In [1]:
import pandas as pd
import spacy
from spacy import displacy
import matplotlib.pyplot as plt
from pyvis.network import Network

In [2]:
# pip install networkx pyvis

# 01 - Load Data

In [3]:
# data source: Kaggle - https://www.kaggle.com/datasets/naseralqaydeh/named-entity-recognition-ner-corpus
df = pd.read_csv("../Data/ner.csv")
df.head()

Unnamed: 0,Sentence #,Sentence,POS,Tag
0,Sentence: 1,Thousands of demonstrators have marched throug...,"['NNS', 'IN', 'NNS', 'VBP', 'VBN', 'IN', 'NNP'...","['O', 'O', 'O', 'O', 'O', 'O', 'B-geo', 'O', '..."
1,Sentence: 2,Families of soldiers killed in the conflict jo...,"['NNS', 'IN', 'NNS', 'VBN', 'IN', 'DT', 'NN', ...","['O', 'O', 'O', 'O', 'O', 'O', 'O', 'O', 'O', ..."
2,Sentence: 3,They marched from the Houses of Parliament to ...,"['PRP', 'VBD', 'IN', 'DT', 'NNS', 'IN', 'NN', ...","['O', 'O', 'O', 'O', 'O', 'O', 'O', 'O', 'O', ..."
3,Sentence: 4,"Police put the number of marchers at 10,000 wh...","['NNS', 'VBD', 'DT', 'NN', 'IN', 'NNS', 'IN', ...","['O', 'O', 'O', 'O', 'O', 'O', 'O', 'O', 'O', ..."
4,Sentence: 5,The protest comes on the eve of the annual con...,"['DT', 'NN', 'VBZ', 'IN', 'DT', 'NN', 'IN', 'D...","['O', 'O', 'O', 'O', 'O', 'O', 'O', 'O', 'O', ..."


In [4]:
# Load spaCy's pre-trained English model
nlp = spacy.load("en_core_web_sm")

# Function to extract named entities from a text
def extract_entities(text):
    doc = nlp(text)
    entities = [(ent.text, ent.label_) for ent in doc.ents]
    return entities

In [5]:
df100 = df.head(100)

In [6]:
# Apply NER on the text column
df100['entities'] = df100['Sentence'].apply(extract_entities)

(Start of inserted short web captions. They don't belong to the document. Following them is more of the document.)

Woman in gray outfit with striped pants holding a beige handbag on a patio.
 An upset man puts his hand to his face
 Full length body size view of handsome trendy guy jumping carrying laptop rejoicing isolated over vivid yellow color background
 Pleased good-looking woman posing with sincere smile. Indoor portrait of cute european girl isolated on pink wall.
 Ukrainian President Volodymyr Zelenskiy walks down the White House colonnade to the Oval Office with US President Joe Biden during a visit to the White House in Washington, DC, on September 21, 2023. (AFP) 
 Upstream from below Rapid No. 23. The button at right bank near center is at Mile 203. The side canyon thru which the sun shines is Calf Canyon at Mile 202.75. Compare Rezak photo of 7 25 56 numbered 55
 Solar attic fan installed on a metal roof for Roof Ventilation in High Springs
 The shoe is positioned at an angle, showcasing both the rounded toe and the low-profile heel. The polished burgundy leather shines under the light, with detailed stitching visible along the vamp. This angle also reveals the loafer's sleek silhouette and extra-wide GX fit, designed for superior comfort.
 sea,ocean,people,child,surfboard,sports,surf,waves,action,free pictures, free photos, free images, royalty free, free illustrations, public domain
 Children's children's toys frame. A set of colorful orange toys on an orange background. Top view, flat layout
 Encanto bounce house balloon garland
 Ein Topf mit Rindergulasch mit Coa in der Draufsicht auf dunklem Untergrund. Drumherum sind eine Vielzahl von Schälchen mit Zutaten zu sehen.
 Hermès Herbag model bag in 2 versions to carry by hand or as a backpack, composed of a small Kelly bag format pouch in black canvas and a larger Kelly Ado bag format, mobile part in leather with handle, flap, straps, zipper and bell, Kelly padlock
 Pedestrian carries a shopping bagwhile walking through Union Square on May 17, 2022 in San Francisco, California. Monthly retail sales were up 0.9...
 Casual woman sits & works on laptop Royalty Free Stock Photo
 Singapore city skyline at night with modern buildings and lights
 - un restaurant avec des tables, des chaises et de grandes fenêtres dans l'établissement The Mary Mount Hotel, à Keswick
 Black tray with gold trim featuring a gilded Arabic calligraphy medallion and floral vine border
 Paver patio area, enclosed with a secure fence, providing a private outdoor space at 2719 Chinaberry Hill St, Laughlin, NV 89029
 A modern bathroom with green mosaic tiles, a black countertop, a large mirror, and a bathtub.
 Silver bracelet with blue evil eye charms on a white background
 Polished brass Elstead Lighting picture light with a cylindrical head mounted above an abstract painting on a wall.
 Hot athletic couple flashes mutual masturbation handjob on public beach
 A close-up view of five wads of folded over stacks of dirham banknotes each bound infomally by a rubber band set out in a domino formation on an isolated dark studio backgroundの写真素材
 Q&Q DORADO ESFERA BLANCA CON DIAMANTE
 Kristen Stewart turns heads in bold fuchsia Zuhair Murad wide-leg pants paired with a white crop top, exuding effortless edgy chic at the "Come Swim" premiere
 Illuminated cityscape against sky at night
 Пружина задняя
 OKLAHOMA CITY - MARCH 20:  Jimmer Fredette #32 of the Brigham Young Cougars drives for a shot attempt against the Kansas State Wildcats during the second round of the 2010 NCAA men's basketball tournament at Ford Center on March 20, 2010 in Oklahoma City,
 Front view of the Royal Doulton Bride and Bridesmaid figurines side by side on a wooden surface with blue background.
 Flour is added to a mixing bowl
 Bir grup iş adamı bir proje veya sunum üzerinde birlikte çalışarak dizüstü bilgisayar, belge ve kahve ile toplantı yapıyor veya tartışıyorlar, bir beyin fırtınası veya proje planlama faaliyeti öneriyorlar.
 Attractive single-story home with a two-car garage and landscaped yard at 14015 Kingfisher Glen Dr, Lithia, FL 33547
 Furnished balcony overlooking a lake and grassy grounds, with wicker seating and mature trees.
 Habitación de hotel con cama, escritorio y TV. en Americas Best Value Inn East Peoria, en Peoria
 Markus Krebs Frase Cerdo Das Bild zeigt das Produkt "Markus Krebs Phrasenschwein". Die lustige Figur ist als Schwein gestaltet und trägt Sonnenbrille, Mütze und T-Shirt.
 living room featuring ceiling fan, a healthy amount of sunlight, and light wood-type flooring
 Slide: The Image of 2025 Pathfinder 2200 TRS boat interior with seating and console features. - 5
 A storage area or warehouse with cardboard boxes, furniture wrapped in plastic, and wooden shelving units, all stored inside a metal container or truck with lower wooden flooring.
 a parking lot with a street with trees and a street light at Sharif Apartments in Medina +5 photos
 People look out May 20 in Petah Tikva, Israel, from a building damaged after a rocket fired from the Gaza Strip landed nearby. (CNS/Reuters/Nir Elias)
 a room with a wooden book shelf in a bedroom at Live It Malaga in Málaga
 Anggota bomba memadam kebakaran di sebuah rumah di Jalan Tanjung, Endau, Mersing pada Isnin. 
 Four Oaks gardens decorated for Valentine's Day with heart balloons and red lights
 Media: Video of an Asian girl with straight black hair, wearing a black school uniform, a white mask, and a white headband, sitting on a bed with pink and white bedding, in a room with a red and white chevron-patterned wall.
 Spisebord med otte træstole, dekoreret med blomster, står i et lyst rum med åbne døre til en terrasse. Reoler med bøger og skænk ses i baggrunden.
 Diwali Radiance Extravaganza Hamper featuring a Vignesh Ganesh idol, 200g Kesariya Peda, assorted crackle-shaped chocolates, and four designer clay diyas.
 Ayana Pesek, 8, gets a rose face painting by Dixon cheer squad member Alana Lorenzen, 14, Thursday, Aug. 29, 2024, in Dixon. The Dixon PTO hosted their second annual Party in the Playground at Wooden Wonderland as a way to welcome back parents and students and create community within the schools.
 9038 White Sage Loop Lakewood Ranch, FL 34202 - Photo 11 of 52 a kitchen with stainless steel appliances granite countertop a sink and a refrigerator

# Save the results to a new CSV
df100.to_csv("data_with_entities.csv", index=False)

print("NER extraction completed. Results saved to 'data_with_entities.csv'.")


NER extraction completed. Results saved to 'data_with_entities.csv'.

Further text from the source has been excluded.